Latest Update - 12 August 2018 at 11.00 p.m.


Confidence that 2018 will experience a below-normal hurricane season increased substantially this week as global forces align to temper tropical activity.

An updated forecast released on Thursday by the US government Climate Prediction Center is now announcing a 60% chance of a less active storm season, a hefty change from a May forecast that predicted only a 25% probability of below-normal activity. Gerry Bell, the centre’s lead seasonal hurricane forecaster, said that the growing likelihood that a storm-thwarting El Niño will form, combined with Atlantic water temperatures that are the coldest since the 1990s, were key factors in making the new prediction.

The forecast comes as Florida enters the peak of hurricane season, from mid-August to October, when 95% of hurricanes form. Four named storms – Alberto, Beryl, Chris and Debby – have already spun up this season. Beryl and Chris both mustered hurricane strength, with Chris intensifying to a Category 2 storm with peak wind speeds of 105 mph (170 kmph).


As of Thursday afternoon, Tropical Storm Debby was still churning harmlessly in the northern Atlantic. “The season is not dead,” said Stanley Goldenberg, a meteorologist with the Hurricane Research Division of the National Oceanic and Atmospheric Administration. “Storms can pop up quickly and we do expect more storms.” The updated forecast predicts 9 to 13 named storms, including the 4 that have already formed. Also, 4 to 7 hurricanes are expected, with up to 2 major hurricanes of Category 3 or higher.

An average hurricane season has 12 named storms, 6 hurricanes and 3 major hurricanes. Bell said that, when the May forecast was released, the chances for El Niño were only 45%.

An update this week put the odds of an El Niño forming in the autumn at 65% and of a winter El Niño that could last into 2019 at up to 70%. Bell compared the current season to 2015, which had 11 named storms and 4 hurricanes.

But one of those hurricanes was Joaquin, a powerful Category 4 storm that killed 33 people when the cargo ship El Faro sunk near Crooked Island in the Bahamas. “Please remember the hurricane seasonal outlooks are a general guide and do not predict land-falling storms,” Bell said. “Whether or not a storm strikes land is determined by the weather patterns in place when the storm approaches and those are generally not predictable until five to seven days in advance.”

The planet was put on an El Niño watch in June.

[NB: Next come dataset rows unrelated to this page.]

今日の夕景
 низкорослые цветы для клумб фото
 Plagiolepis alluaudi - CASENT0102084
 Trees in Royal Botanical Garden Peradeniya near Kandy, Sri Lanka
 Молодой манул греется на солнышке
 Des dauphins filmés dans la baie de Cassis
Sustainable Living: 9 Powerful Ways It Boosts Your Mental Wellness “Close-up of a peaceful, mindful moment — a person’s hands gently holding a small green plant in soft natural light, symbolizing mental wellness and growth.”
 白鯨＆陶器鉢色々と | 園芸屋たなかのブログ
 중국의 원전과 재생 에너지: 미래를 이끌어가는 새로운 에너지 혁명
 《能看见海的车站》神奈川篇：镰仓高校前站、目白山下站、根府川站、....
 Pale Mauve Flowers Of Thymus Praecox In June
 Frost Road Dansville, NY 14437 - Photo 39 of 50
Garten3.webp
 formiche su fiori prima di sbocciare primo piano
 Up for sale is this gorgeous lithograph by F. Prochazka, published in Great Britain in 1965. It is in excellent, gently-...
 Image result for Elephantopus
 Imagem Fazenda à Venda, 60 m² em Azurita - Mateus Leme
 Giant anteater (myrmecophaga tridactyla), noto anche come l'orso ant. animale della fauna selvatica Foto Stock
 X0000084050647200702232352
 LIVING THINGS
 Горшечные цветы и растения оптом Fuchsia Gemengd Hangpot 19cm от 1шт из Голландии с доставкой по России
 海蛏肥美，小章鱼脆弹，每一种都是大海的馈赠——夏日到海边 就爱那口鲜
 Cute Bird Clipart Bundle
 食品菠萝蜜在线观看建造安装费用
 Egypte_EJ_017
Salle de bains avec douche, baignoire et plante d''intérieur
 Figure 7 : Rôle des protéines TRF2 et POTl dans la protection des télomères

It’s not officially declared present until ocean temperatures in the equatorial Pacific are more than 1 degree above normal and are expected to maintain that temperature for 6 months. After that, it can take 30 to 60 days for the atmosphere to respond.

“If El Niño forms in October, it could shut the latter half of the season down,” Bell said. The onset of El Niño occurs in tandem with the relaxation of the trade winds. With the trade winds reduced, warm water that has piled up in the western Pacific Ocean and around Indonesia rushes back towards the east. That movement of warm water shifts rainfall patterns and the formation of deep tropical thunderstorms. Exploding storms whose cloud tops can touch the jet stream disrupt upper air patterns, so winds come more out of the west. The west winds create shear in the Atlantic, which can be deadly to budding hurricanes. When the Atlantic has lower tropical activity, the Pacific typically sees an increase. The Pacific’s storm tally, as of Thursday, was 11 named storms, including Hurricane Hector – a powerful 120 mph (195 kmph), Category 3 storm that is skirting along just south of the Hawaiian islands.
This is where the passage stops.